Open RAN: The final frontier

How Open RAN is changing the world of telecommunications, one network at a time.

09 March 2022

In the very simplest of terms, a communication network is a set of interconnected nodes that exchange data. When a telco builds a mobile network, the most expensive part is the radio access network (RAN). This is the radio base station, which connects users to the core network. Telcos have traditionally used proprietary appliances in their networks. These boxes are expensive, and are only made by a handful of suppliers. It’s also worth remembering that telco networks have to be extremely reliable, with very little downtime, perhaps just 30 seconds a year. The networks also have to be able to handle the scale; imagine if most of South Africa’s 54 million-odd cellphone users are all on the line? A couple of years ago, the industry began to virtualise its network services. This is known as network functions virtualisation (NFV). Telcos are now able to use virtual machines for some services, such as routers, firewalls, caching, for example, and these can be run on standard, non-proprietary servers. Now, the radio access network is being virtualised, and this is known as Open RAN. It’s a complicated area, and is awash in an alphabet soup of acronyms, which is one reason why Brainstorm assembled a panel of industry experts to make sense of it all.

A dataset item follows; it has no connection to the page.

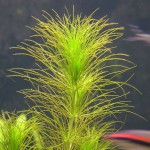 北极杉-缩略图-4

At the outset, it may also be worth dealing with the nomenclature: O-RAN refers to the ORAN Alliance standards body, which is working on the Open RAN specifications. Then there’s OpenRAN, which is the way the collaborative industry group the Telecom Infra Project (TIP) prefers to write it. Finally, there’s vRAN, which stands for virtualised radio access networks, which allows telcos to run their baseband functions as software. Open RAN also opens the door to 5G, but as Anthony Laing, GM: Networking, at NEC XON, says, a lot of people mention Open RAN and 5G in the same breath, yet they’re actually different technologies. Telcos and mobile operators will typically pick one, two, or, if they’re brave, three vendors, and then they’d be locked into using their equipment, he adds.